The monastery was closed in 1918. Restorations didn’t start until 1968. In 1990, the monastery was returned to the Patriarchate.

A lot of revered Orthodox shrines are kept here.

There is a Sunday school, as well as a choir school for boys. The Novospassky Men’s Choir is one of the best choirs in Moscow and actively gives concerts.

The Conception Convent
(Zachatyevsky Monastery)

Address: 2nd Zachatyevskiy Pereulok 2, m. Kropotkinskaya
Tel.: +7 (495) 695-1691, +7 (495) 695-1694 Web:

This is the oldest monastery for nuns in Moscow. It has risen from the ashes a total of five times. The monastery was erected in 1360 by Alexius, Metropolitan of Moscow. This was the first monastery exclusively for women and all other women’s monasteries were based on this model. People started to call the monastery “Starodevichy.” It was known for strict adherence to ecclesiastical statutes and the unwavering devotion of nuns.

The monastery burned down several times over the past few hundred years.

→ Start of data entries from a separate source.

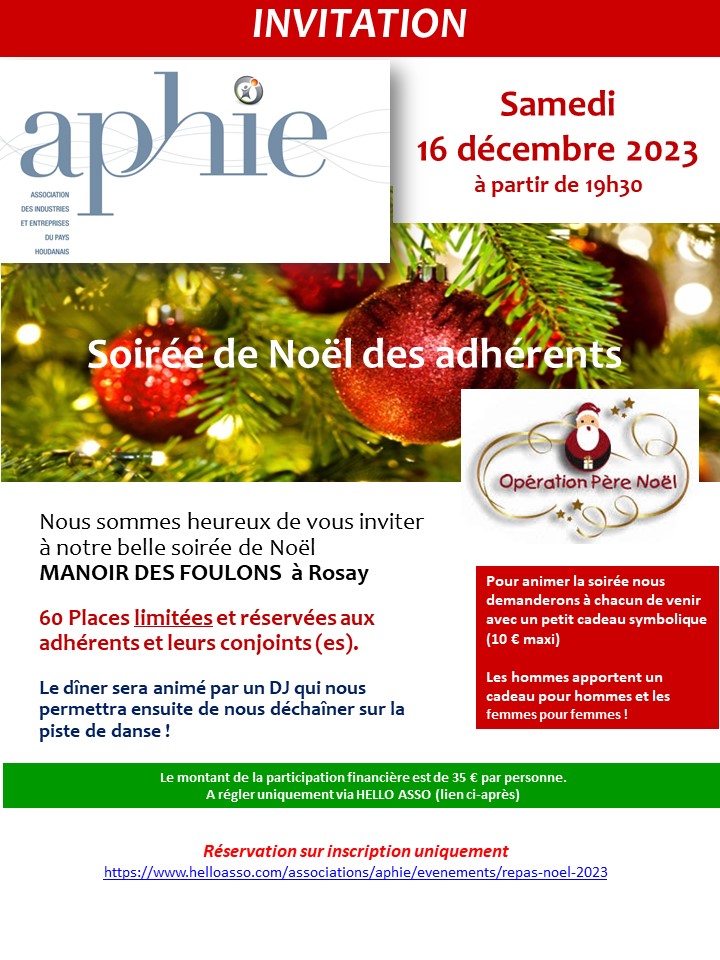 Samedi 16 décembre 2023 : Soirée de Noël des adhérents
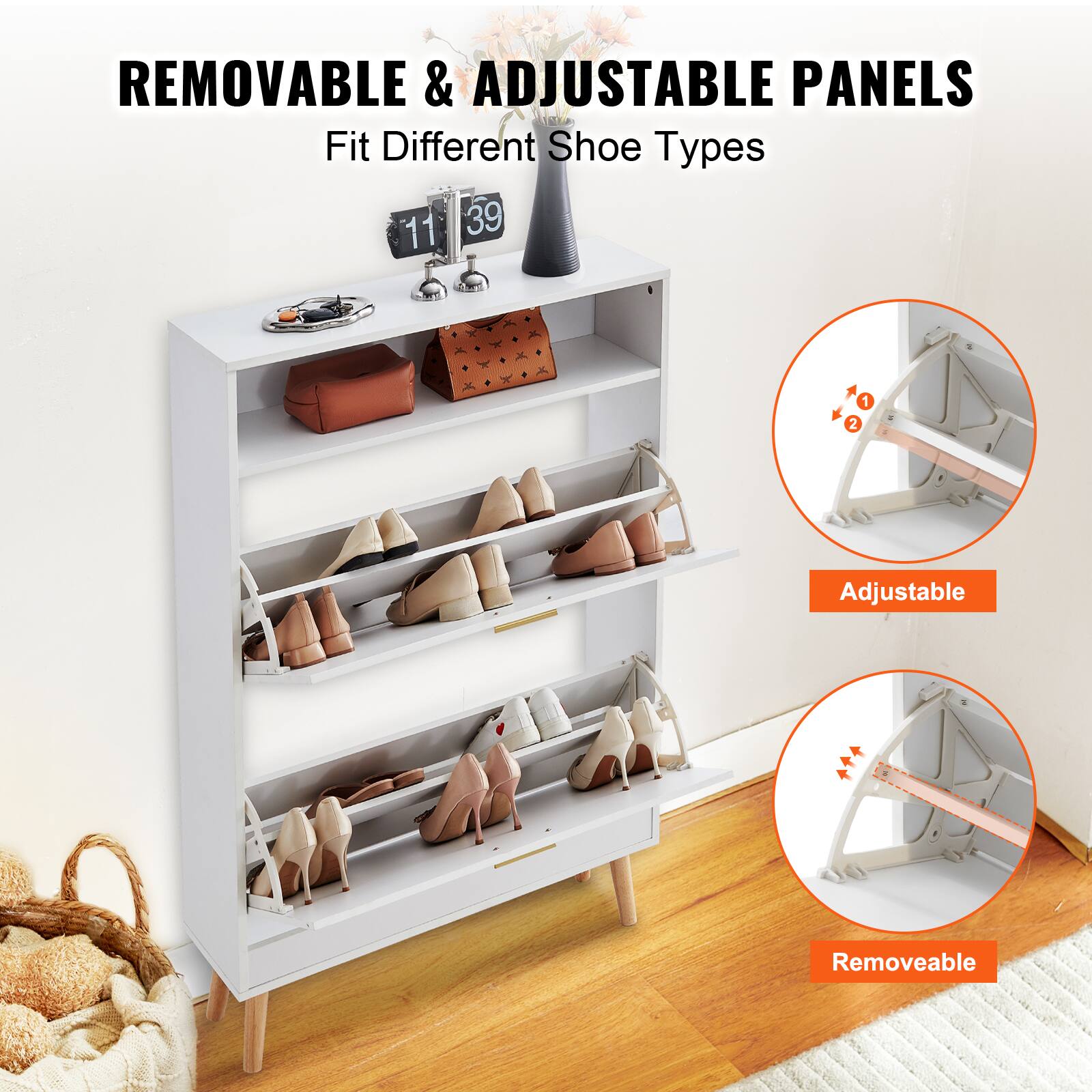 REMOVABLE & ADJUSTABLE PANELS
Fit Different Shoe Types
11 39
1 2
Adjustable
Removeable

During the terrible fire in 1547, the convent burnt down completely but was resurrected thanks to the efforts of nuns and popularity among the people.

The Conception Convent was visited by childless couples who were hoping to be cured. It is said that many were able to conceive afterward.

In August 1612, the Conception Convent in Moscow was destroyed, as its walls were the battleground during the war with the Poles. The monastery was restored and it stood unharmed for a long period of time afterward. The next time it was damaged was in 1812, during the war with the French. A few years after its founding, a refectory church of the Nativity of the Virgin was built here. In the future, construction activities were pretty intense. In 1696, the Church of Our Savior Not Made By Hands was erected here. Andrei Rimsky-Korsakov, a nobleman under Peter the Great, donated the funds for the construction. In 1766, a Church in the Name of the Burning Bush Icon was erected here over the graves of the two cofounders of the first monastery.

In the beginning of the 19th century, the main cathedral of the monastery, Rozhdestvenskiy Cathedral, was erected under architect Kazakov. The grandiose building had several chapels and was the most prominent work of architecture in the Conception Convent.

On November 25, 2010, on the 650th anniversary of the Conception Convent, a historical event took place – the consecration of the restored Cathedral of the monastery and the first Divine Liturgy, which was headed by Patriarch of Moscow and All Rus’ Kirill.

The Barvikha in Moscow has a monastery courtyard where the wooden Church of the Holy Virgin has been restored. Service is held regularly, and there is a Sunday school for children and adults.